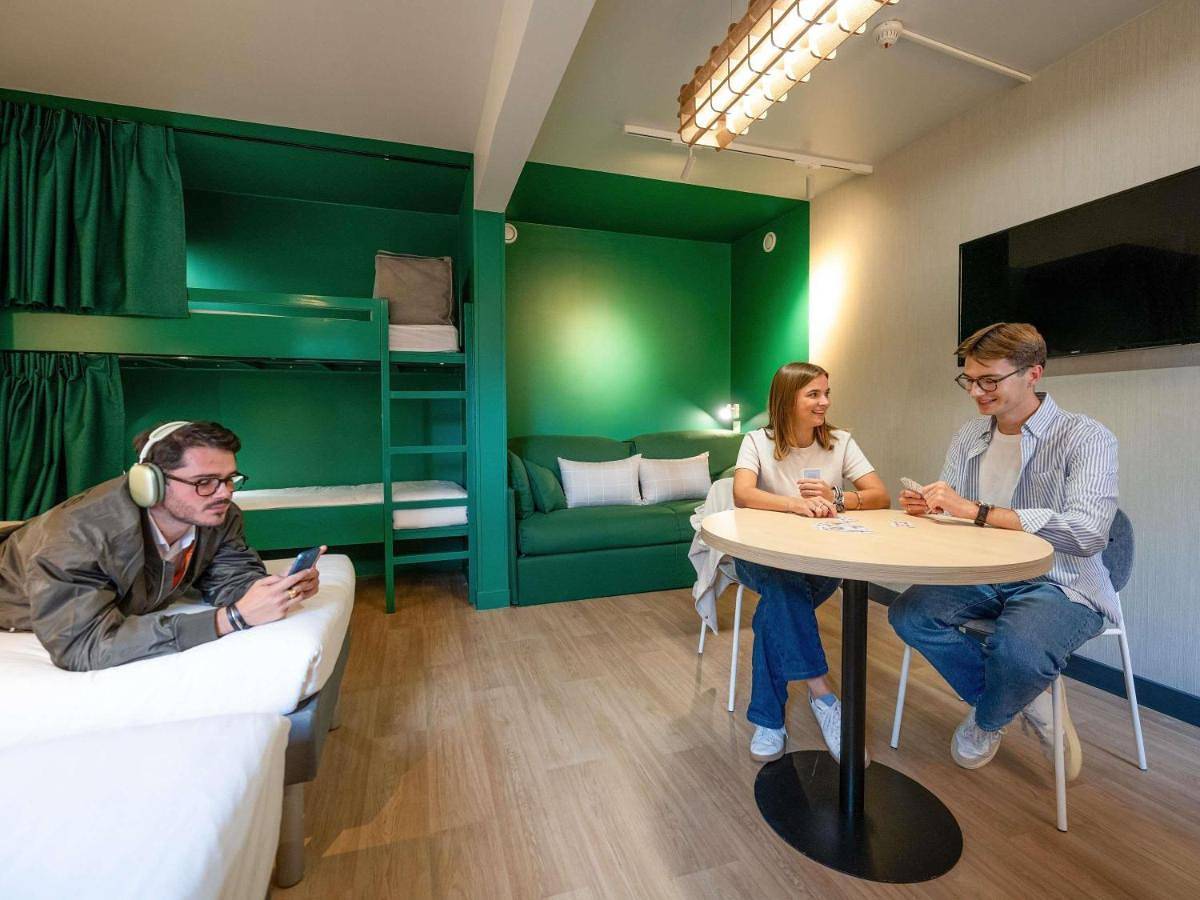 Ibis Budget Orly Chevilly Tram 7 in Chevilly-Larue, Val-de-Marne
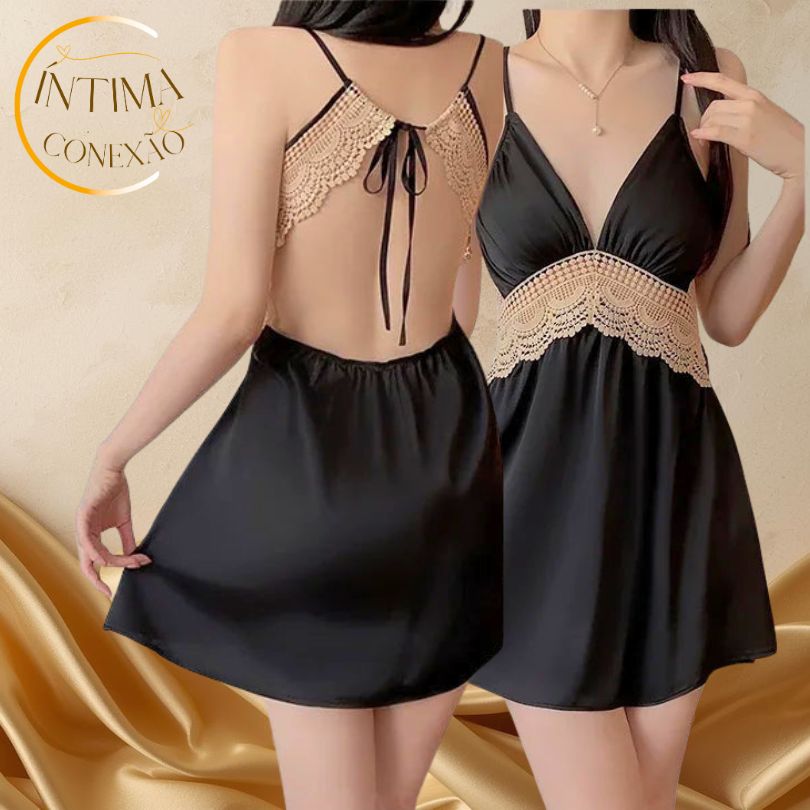 This piece, with delicate lace at the waist, redefines the luxury of being at home.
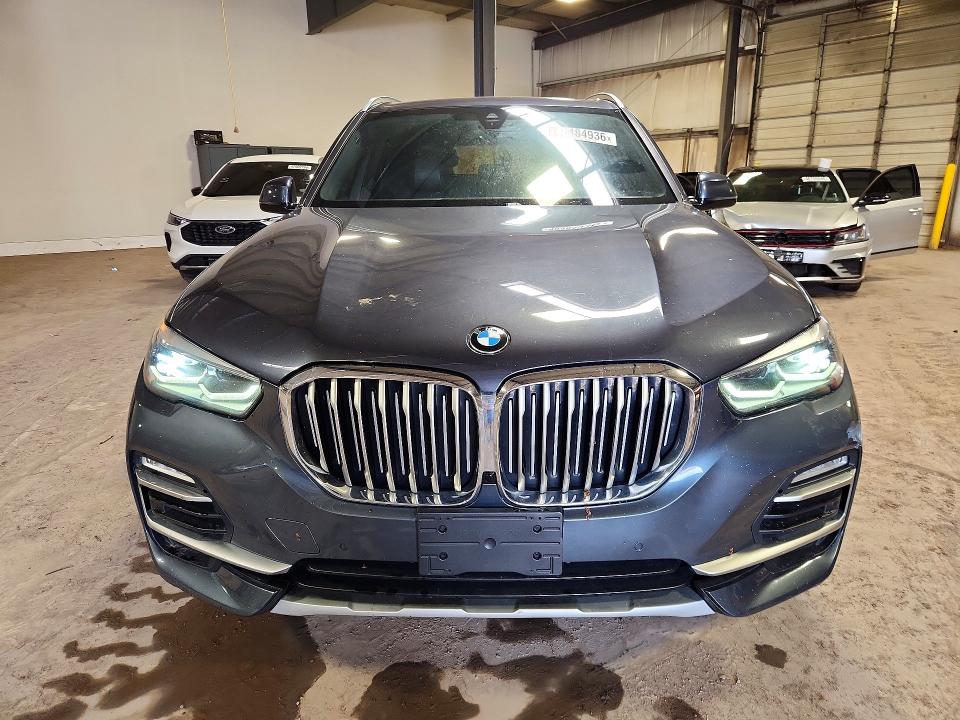 48484936 :رقم المزاد ، 5UXCR6C06M9D87075 vin ، 2021 Bmw X5 مزاد بيع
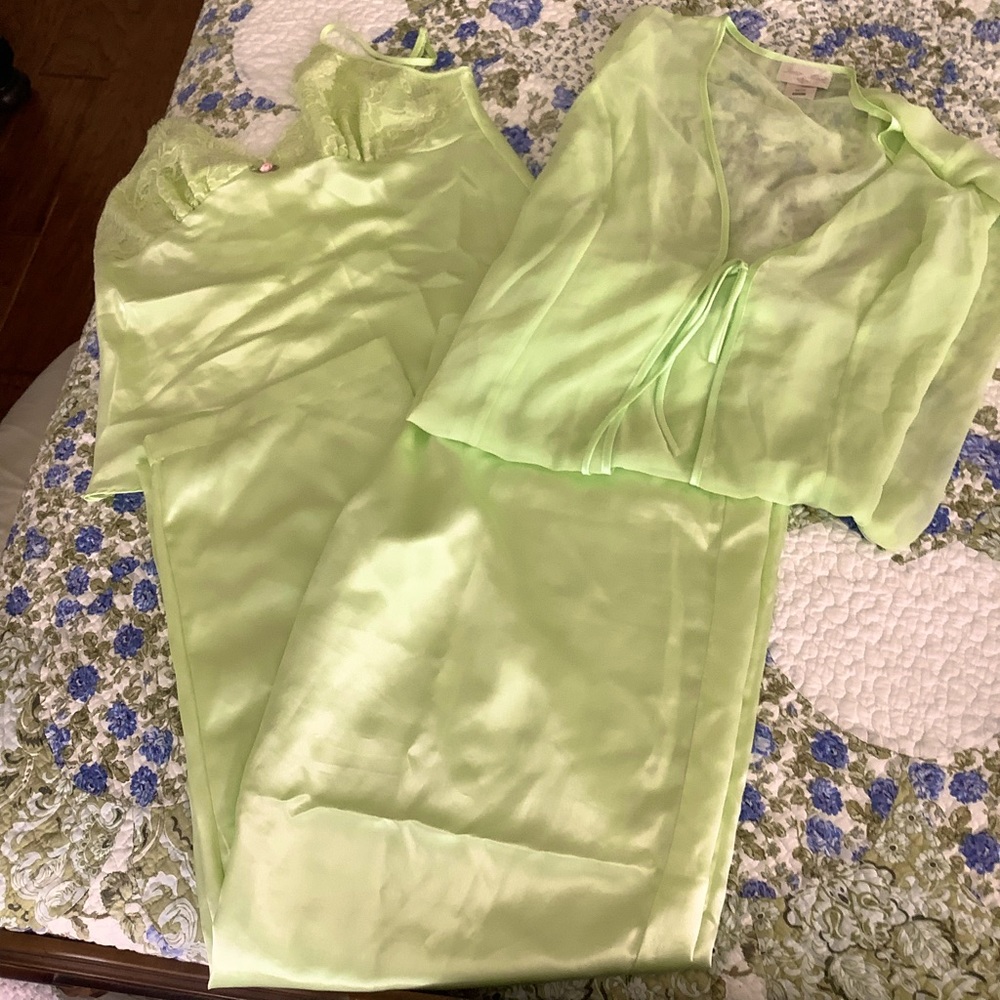 SWEET THREE PIECE PAJAMA SET!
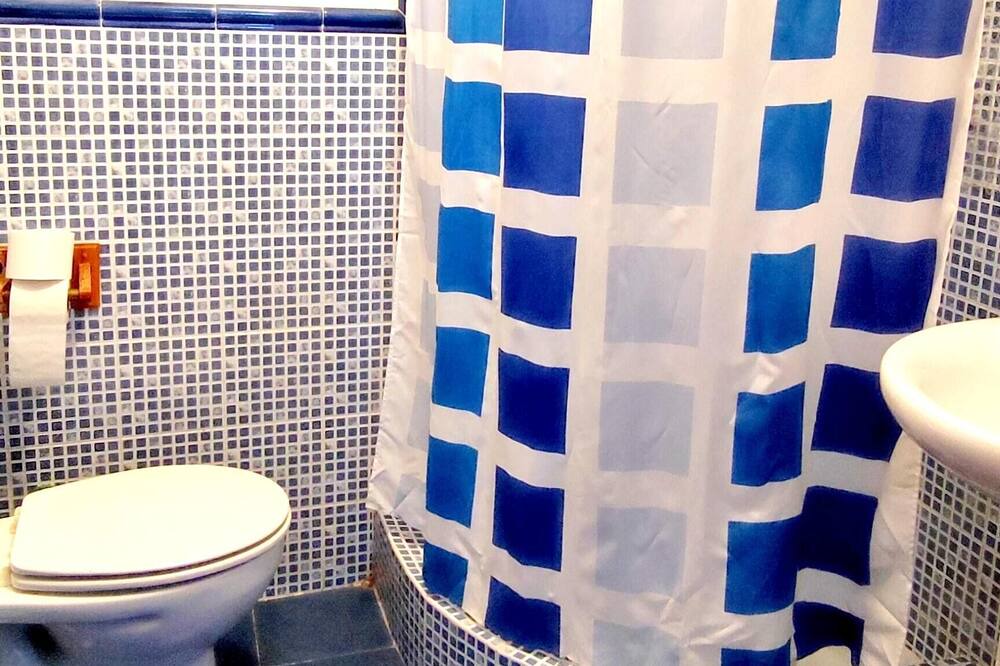 Photo of Bathroom in Zahara de la Sierra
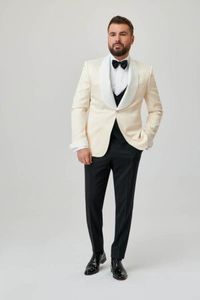 Costum-Ceremonie-Adrian-Mutu-culoare-ivory-rever-sal-4-300x450 - Adrian-Mutu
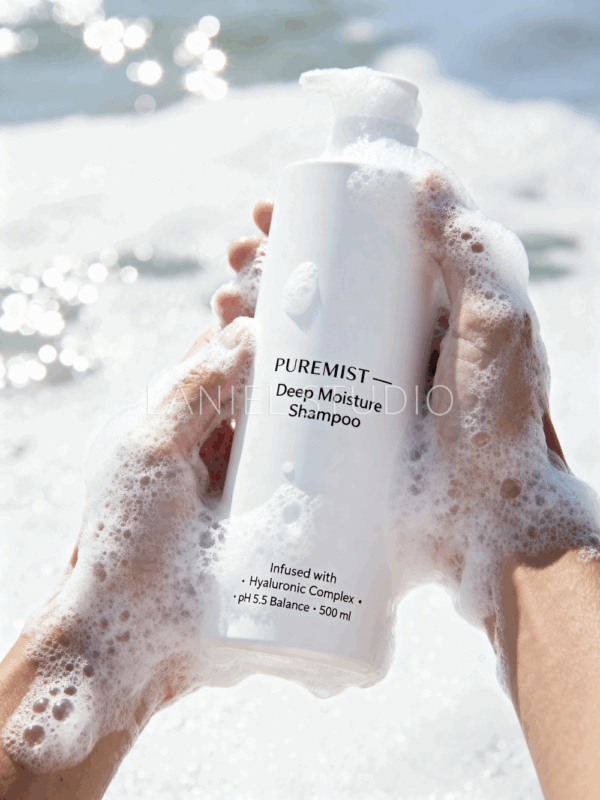 손 제형 21 Elevate Your Beauty Brand with Magazine-Quality AI Cosmetic Images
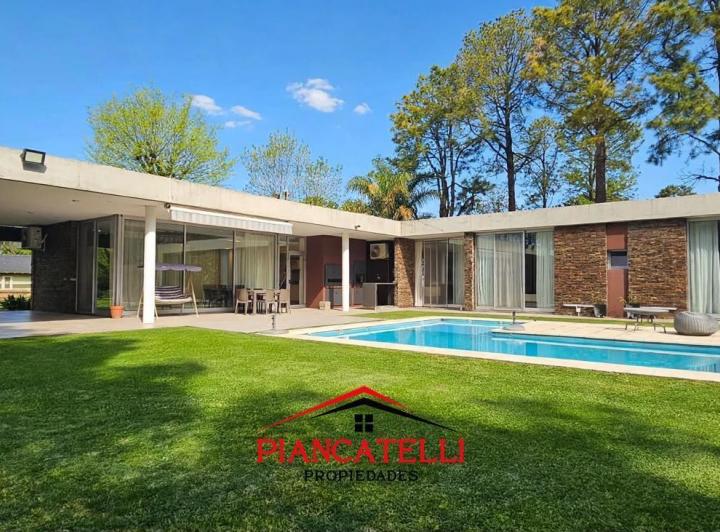 Casa · 380m² · 6 Ambientes · 8 Cocheras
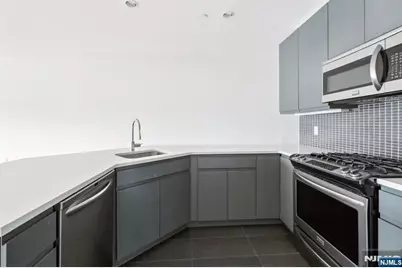 1 Executive 404 #404, Fort Lee, NJ 07024 - Photo 32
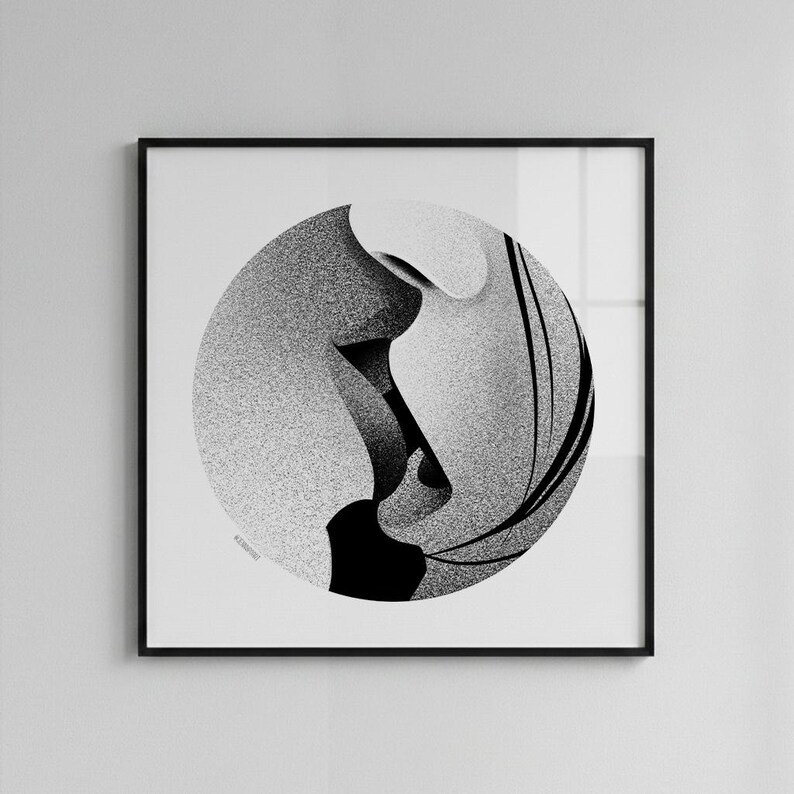 Puede incluir: L&aacute;mina de arte abstracto en blanco y negro. Un dise&ntilde;o circular con un fondo texturizado y moteado y formas curvas y fluidas. La obra de arte est&aacute; enmarcada en un marco cuadrado negro, creando una est&eacute;tica moderna.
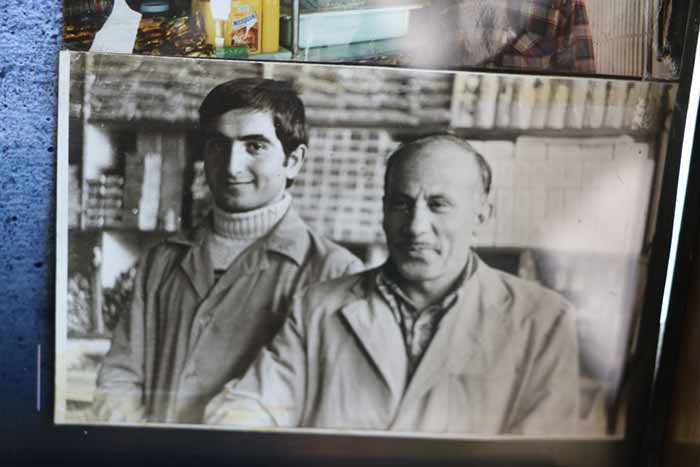 'Cenazelerine bakkal gider ama onlar markete gidiyor' - Resim : 1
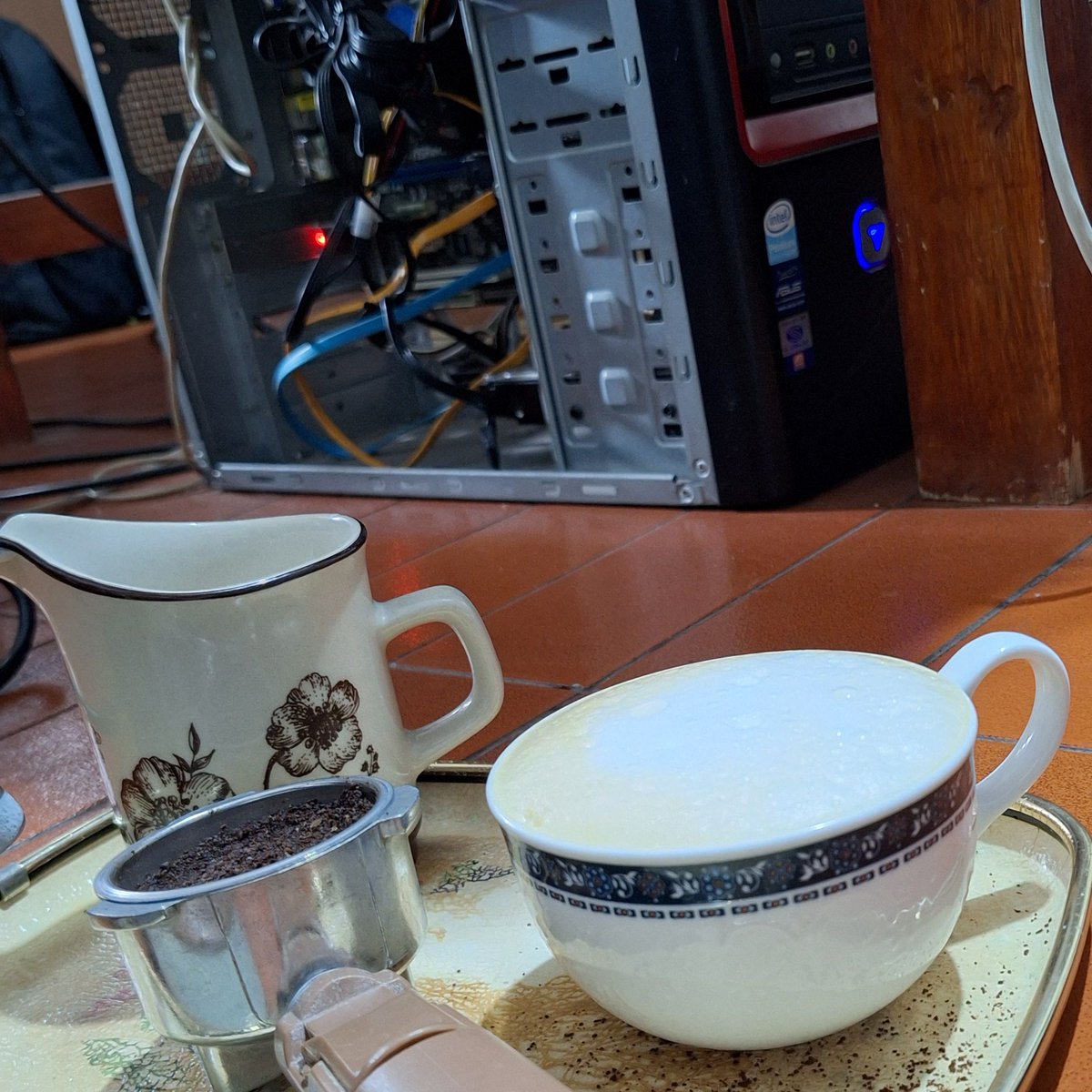 rahard's tweet image. kopi pagi ini. melantai dulu.
#coffee #kopi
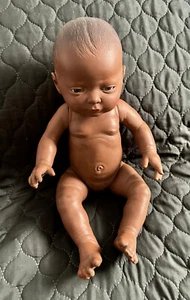 "Muñeca bebé niña recién nacida realista de goma vintage color marrón c. 44,5 cm/17,5""" - Imagen 1 de 8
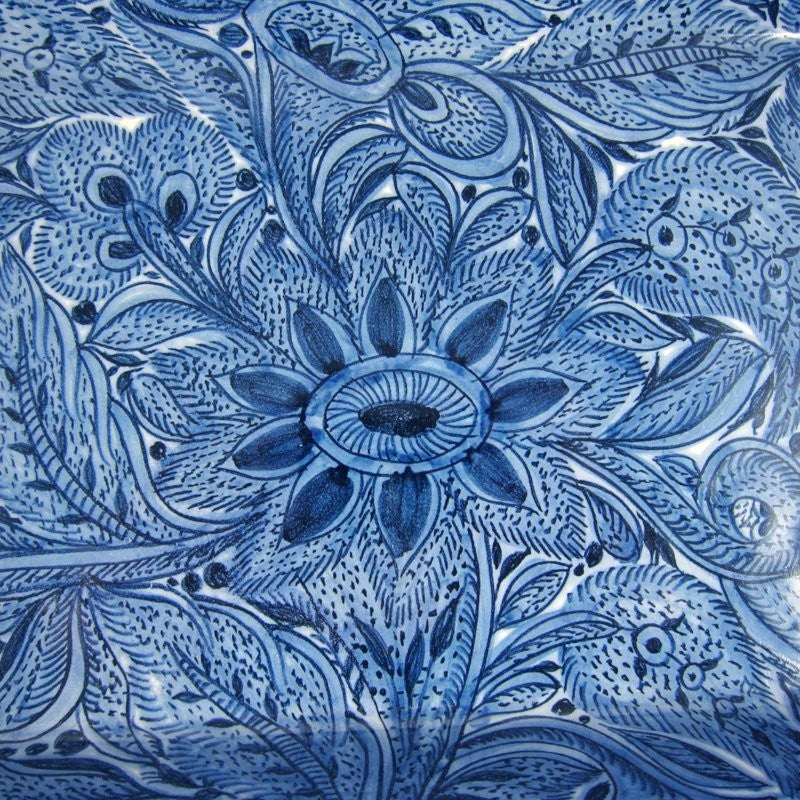 Fuente Floral Azul
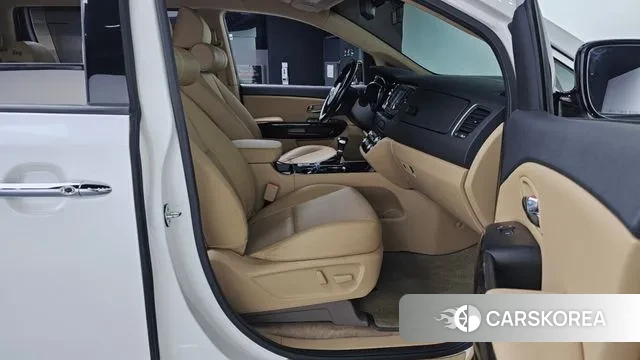 Kia The New Carnival 2019 Белый из Кореи, фото 2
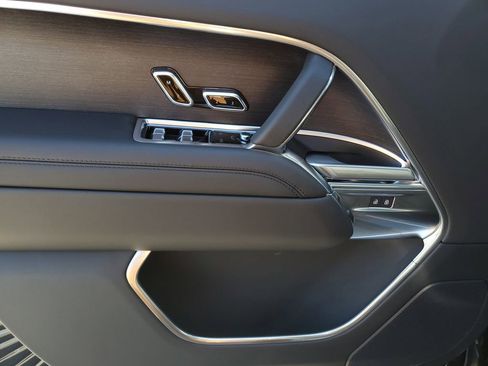 New 2026 Land Rover Range Rover SE image 9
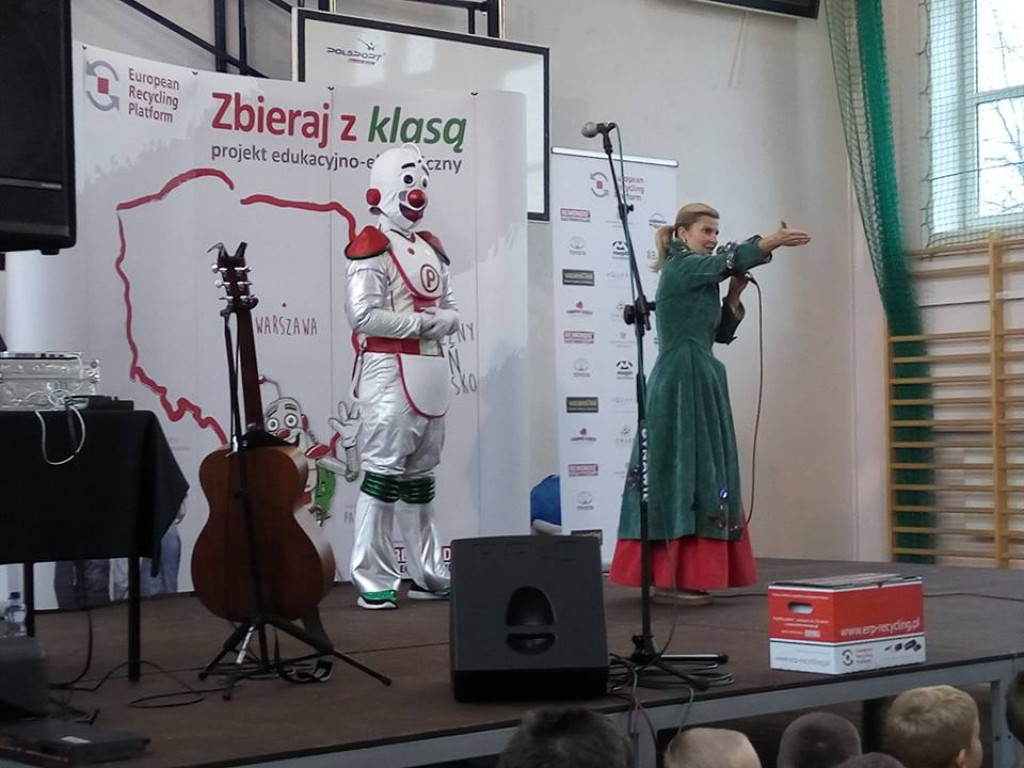 Zbierali z klasą i z gwiazdą w Pomykowie [zdjęcia]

# [ABOUT THIS EXERCISE]
In the copy you return, include exactly the lines from the one containing "Fuente Floral Azul" through the final line of the listing, and no pictures.

# [EXERCISE RESPONSE]
 Fuente Floral Azul
 Kia The New Carnival 2019 Белый из Кореи, фото 2
 New 2026 Land Rover Range Rover SE image 9
 Zbierali z klasą i z gwiazdą w Pomykowie [zdjęcia]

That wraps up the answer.